Bueno, pues en ese caso estaría muy justificado el apoyo.

Te lo agradecemos y contamos contigo.

Muchas gracias. Deberás llevar chaleco antibalas.

Ve gestionándolo. Dime, Espe.

Estaba pensando que quizás yo podría estar presente

en el operativo acompañando al inspector Benalí.

Pues me temo que a ti también es posible que te conozca,

así que lo siento, pero no.

Ahora tenemos que valorar las posibles escapatorias de Nadia.

No quiero que se nos escape bajo ningún concepto

y si en algún momento, por alguna razón,

veis que la vida de Martín corre peligro,

actuáis de inmediato, ¿de acuerdo?

Pues venga,

a ver si acabamos con esto.

Ya, entiendo.

No, si yo también me he dado cuenta

de que el niño, últimamente, está mucho más distraído, pero...

hágase cargo de que está pasando una situación muy difícil en casa.

Sí, con todo lo que ha ocurrido con su madre.

Ya, hablaré con él, no se preocupe,

pero le pido por favor también que hable con los profesores

para que tengan un poco en cuenta sus circunstancias, ¿eh?

Eso es.

Gracias, se lo agradezco.

Adiós.

(SUSPIRA)

(Puerta)

¿Se puede, comisario? ¡Hombre!

Salva.

Qué sorpresa, ¿eh?

La verdad es que sí, hace mucho que no nos veíamos.

Sí,

desde que usted decidió quitarme de en medio

para mejorar sus estadísticas.

Es broma, ya sabe, a los dos nos ha ido bien el cambio.

Ahora estoy bien en Distrito Dos, allí me valoran,

me tratan bien.

¿Sí?

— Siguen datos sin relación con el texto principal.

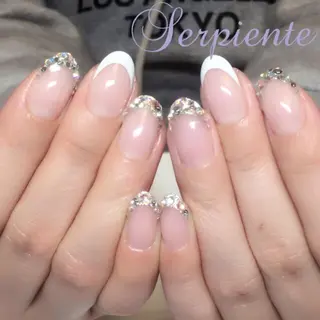 ネイル Nail salon Serpienteのネイルデザイン
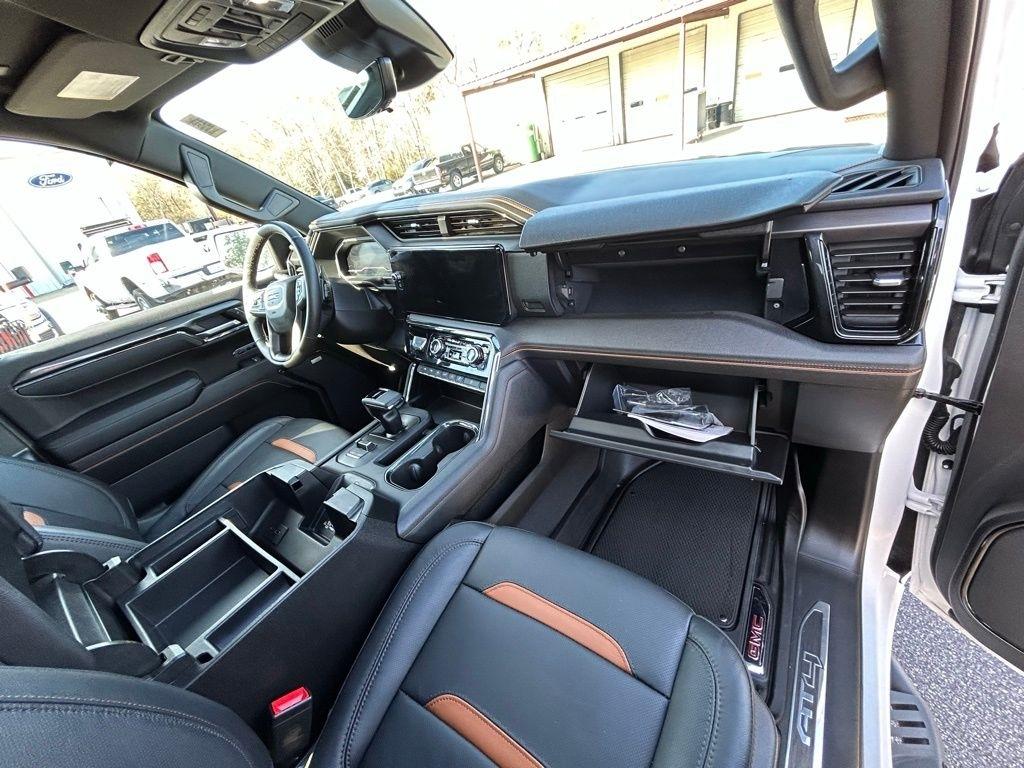 GMC Sierra 1500 AT4 Crew Cab 4WD 2025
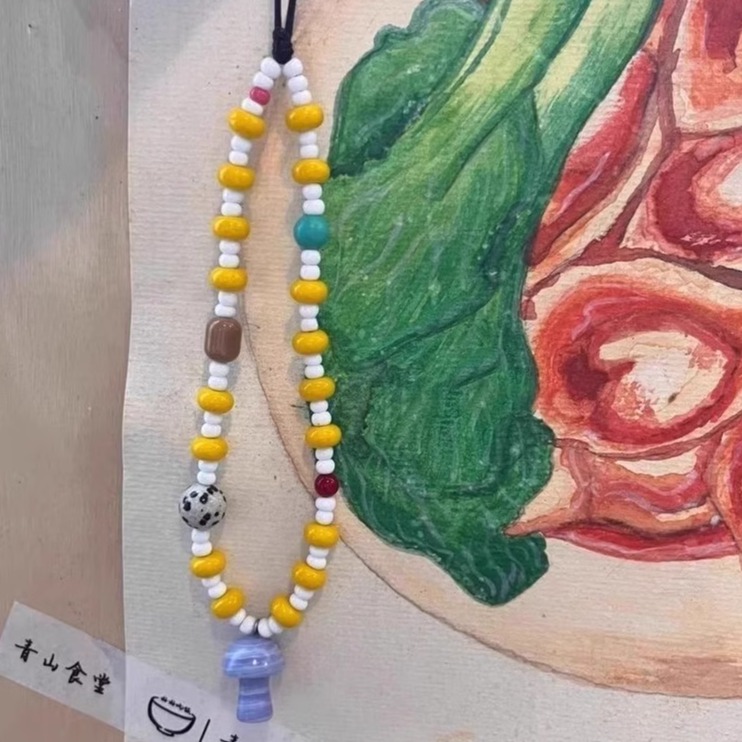 卢昱晓小蘑菇手机链挂绳ccd挂件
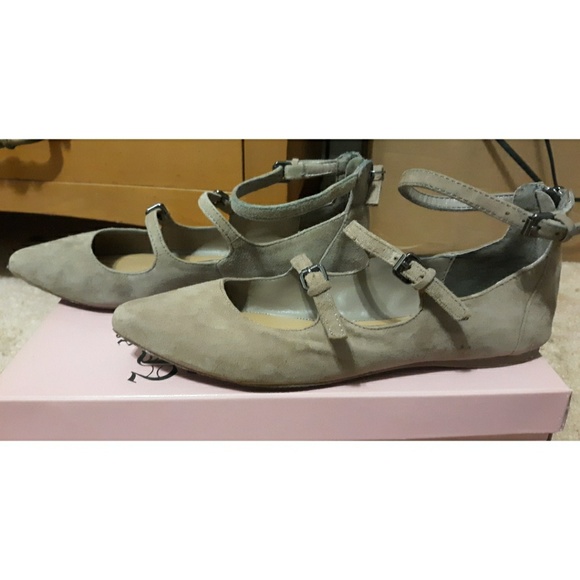 Flats - Picture 3 of 7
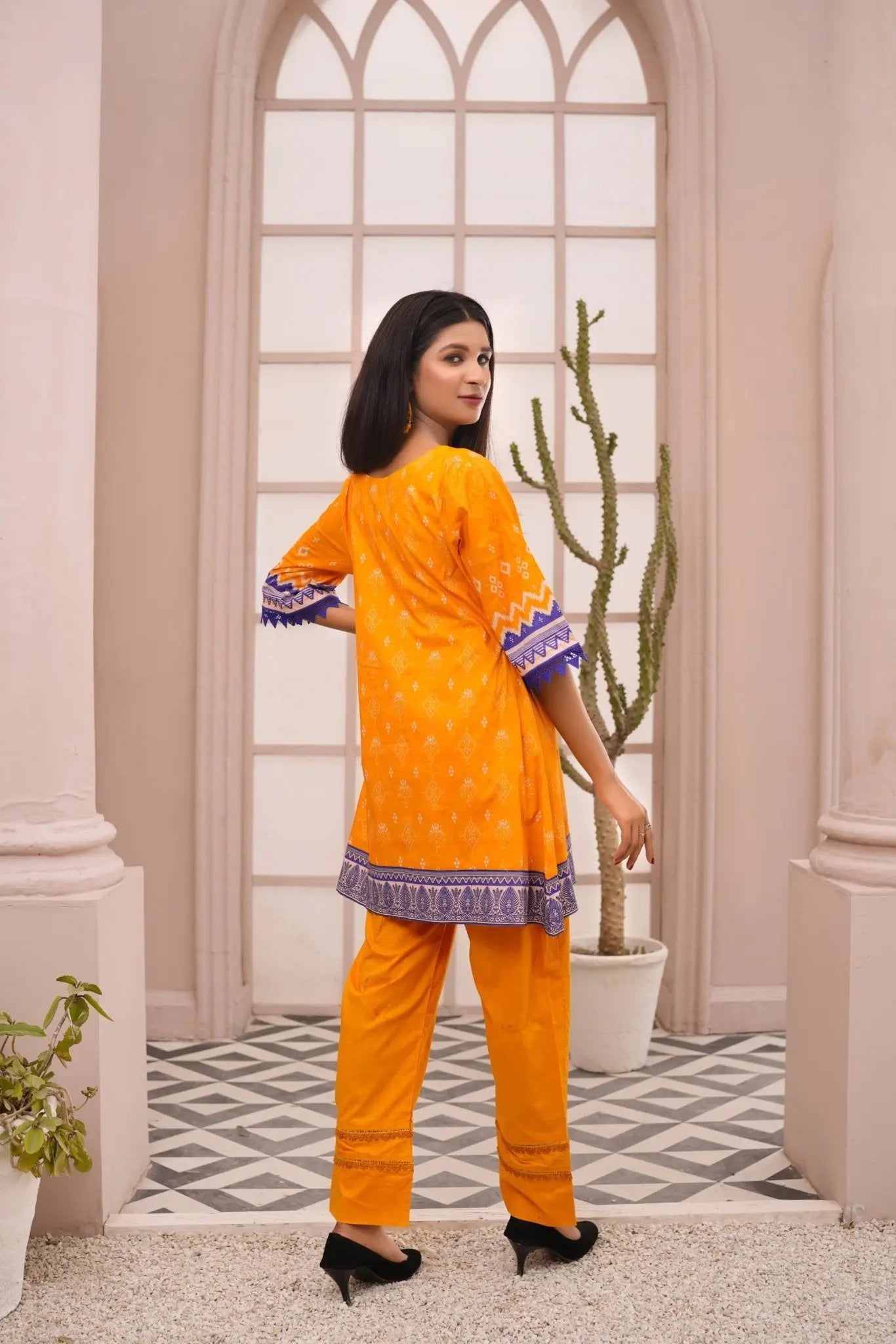 IshDeena Indian Kurtis for Women: Stylish Long Shirt, 100% Cotton, Casual & Festive M-3XL - Indian Tunic Tops for Ladies - IshDeena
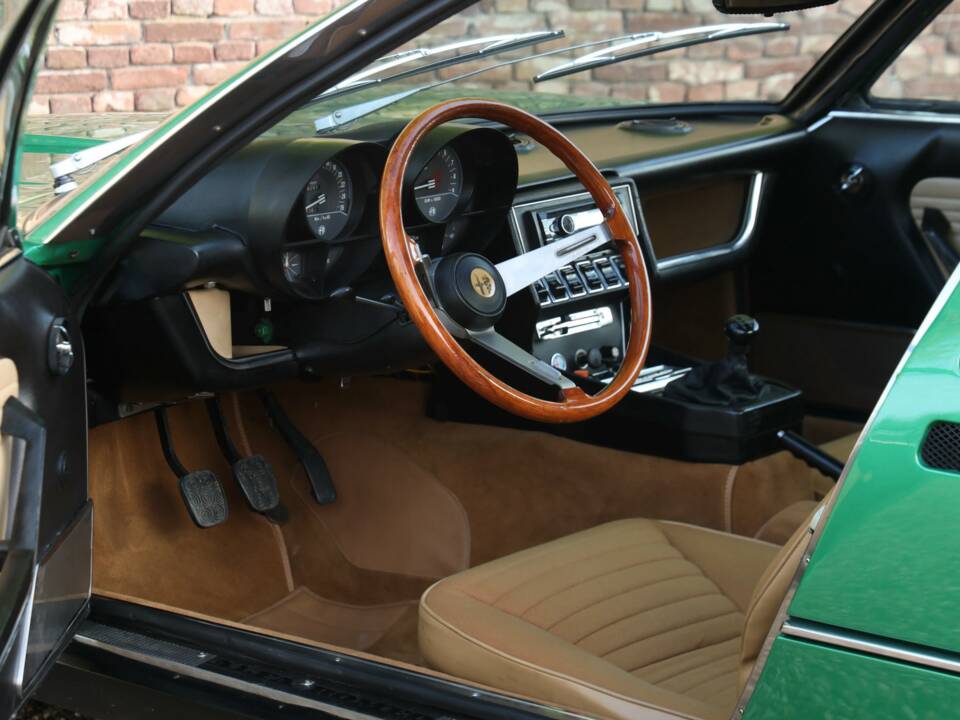 Image 32/50 of Alfa Romeo Montreal (1973)
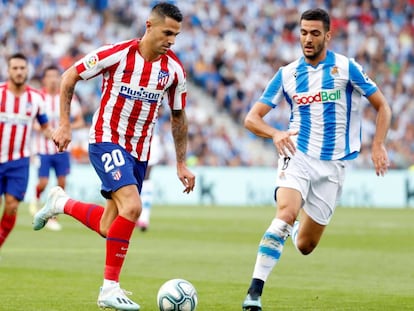 Vitolo, ante Mikel Merino.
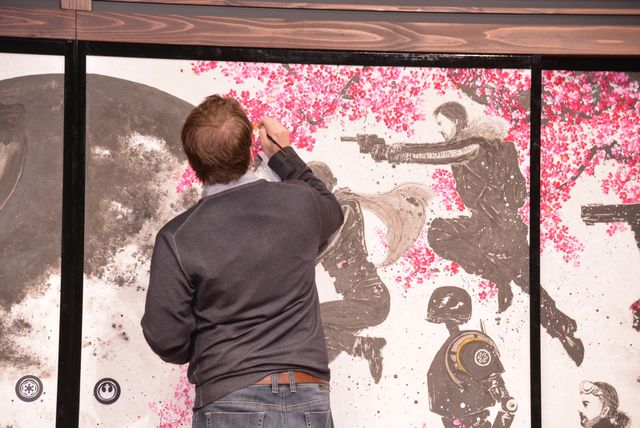 『スター・ウォーズ』豪華絢爛の襖絵もお披露目！来日会見フォトギャラリー（4枚目）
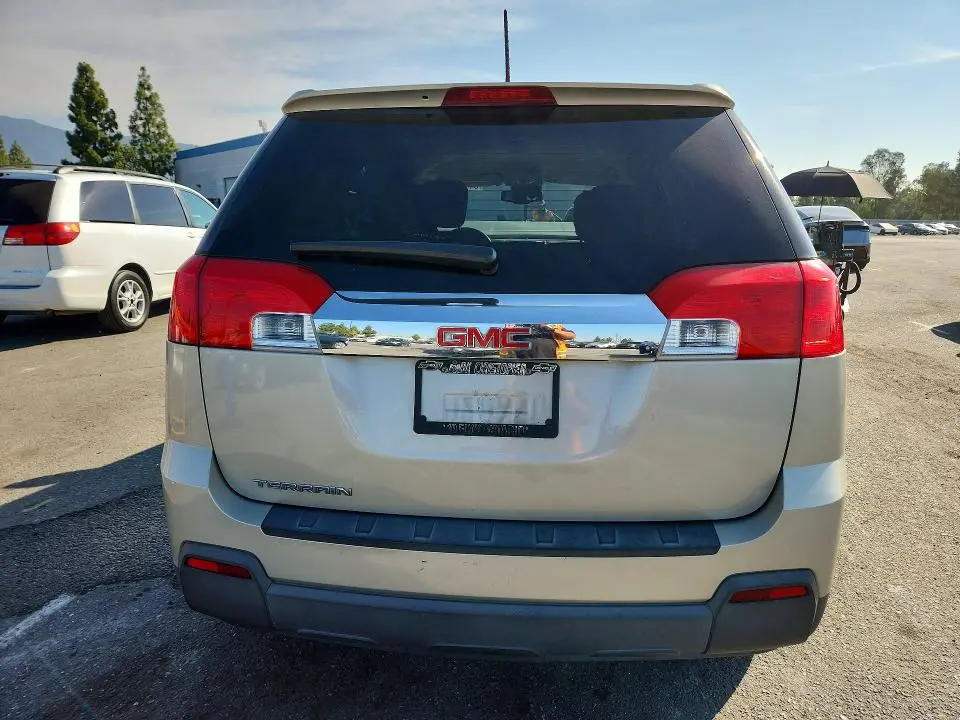 2015 GMC TERRAIN SLE  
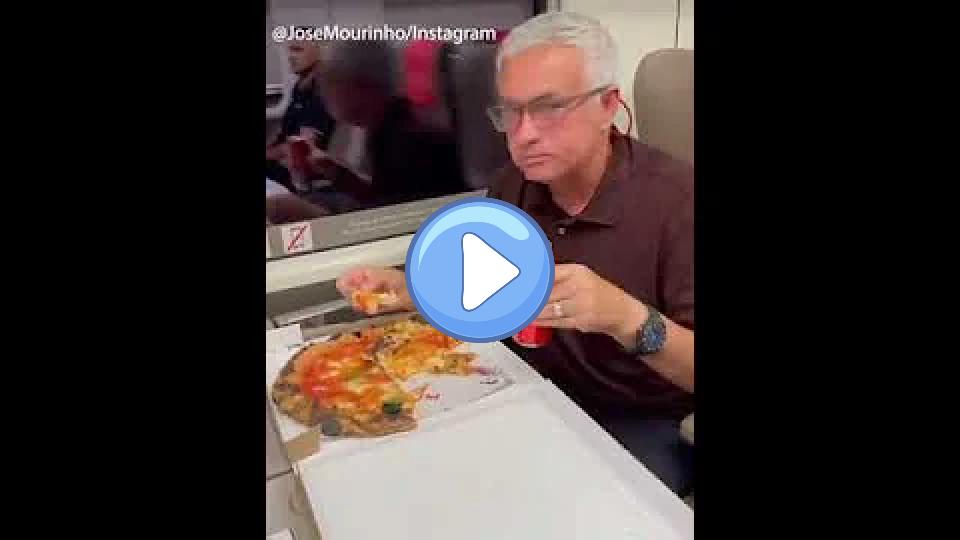 Play video: Jose Mourinho celebrates Roma's big win with pizza | #Shorts | ESPN FC Video thumb: Jose Mourinho celebrates Roma's big win with pizza | #Shorts | ESPN FC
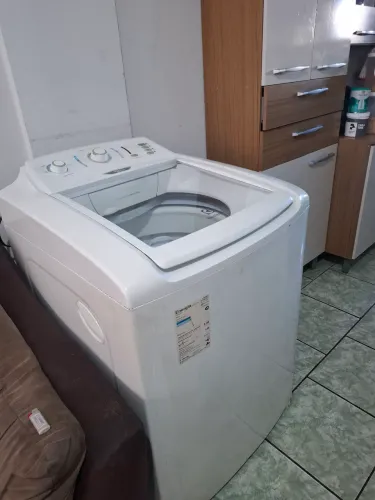 Vendo esta máquina esta em perfeito uso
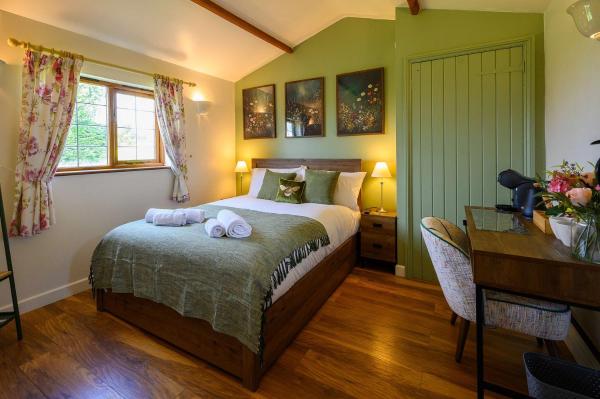 Charming Stable Conversion With 2 Ensuite Suites Sleeps 5 - Bristol
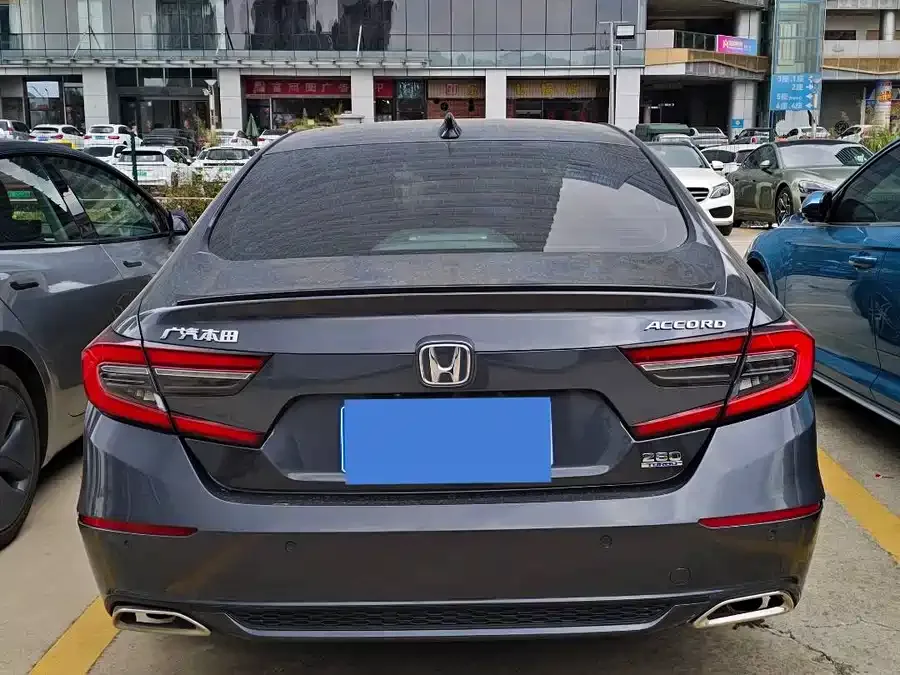 Honda Accord 2022 Accord 260TURBO Fantasy Night Premium Edition 2022 — миниатюра 2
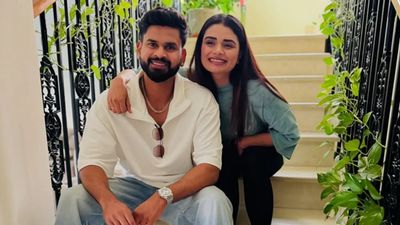 'मैंने नशे में BF के साथ', कौन हैं श्रेष्ठा अय्यर? वायरल वीडियो ने मचाई तबाही, क्रिकेटर Shreyas Iyer से संबंध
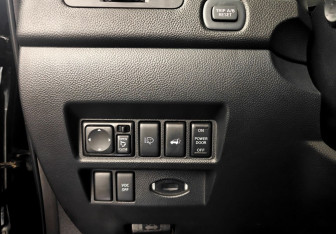Подержанный автомобиль Infiniti FX 2011 года (17 фото)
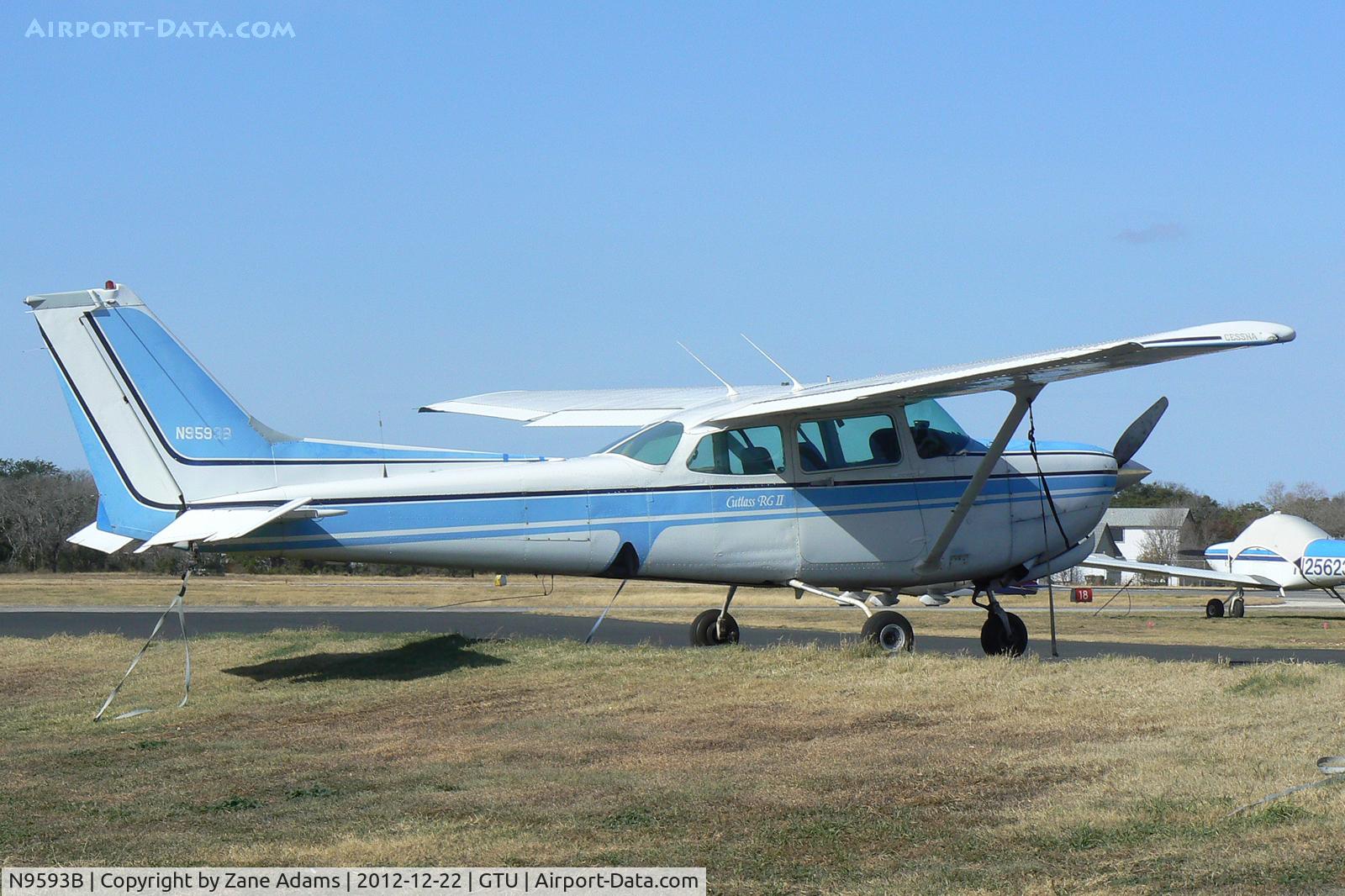 N9593B, 1981 Cessna 172RG Cutlass RG C/N 172RG0906, At Georgetown Municipal Airport - Georgetown, TX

No sabes cuánto me alegro.

Y bien, ¿a qué se debe tu visita, si es que puede saberse?

Vengo por un caso.

(SUSPIRA)

En Distrito Dos estamos siguiendo la pista

a recientes contactos de la mafia colombiana en España.

Creemos que quieren establecer una red en Madrid.

Vaya, ¿y en qué podemos ayudaros, exactamente?

Pues verá, estamos interrogando

a posibles intermediaros que tengan o hayan tenido

relación hace poco con la mafia.

Concreta, ¿a quién buscáis?

A Fernando Quintero.

Nunca se ha podido demostrar

que el señor Quintero esté metido

en ningún tipo de negocio de tráfico de estupefacientes.

Lo sé, está limpio por esa parte,

lo que le hace más apetecible para Somoza, que es nuestro hombre.

Quintero podría ofrecerle rutas para introducir la droga en Europa

a través de España.

¿Tenéis pruebas para hacer esas acusaciones?

No, pero estamos trabajando para encontrarlas.

No entiendo por qué me cuentas todo esto.

Desde luego, no te hace falta mi permiso para interrogarlo.

Es una visita de cortesía, simplemente.

No queremos cruzarnos con ninguna investigación

que tengáis abierta aquí, en Distrito Sur.

Muy considerado por tu parte.

No, por mi parte, no, lo mío no es la cortesía

y mucho menos aún lo hago por gratitud,

como comprenderá.

Son órdenes de mi comisario.

(ASIENTE) El comisario Valverde,

siempre intentando guardar las formas.

Cuando le veas, le das recuerdos de mi parte.

¿Qué me dice de Quintero?

Bueno, que puedes preguntarle lo que quieras,

pero, eso sí, me gustaría que en el informe que elaboréis

dejéis muy claro que en la comisaría del Distrito Sur

nunca se ha podido demostrar

que esté metido en ningún negocio de drogas.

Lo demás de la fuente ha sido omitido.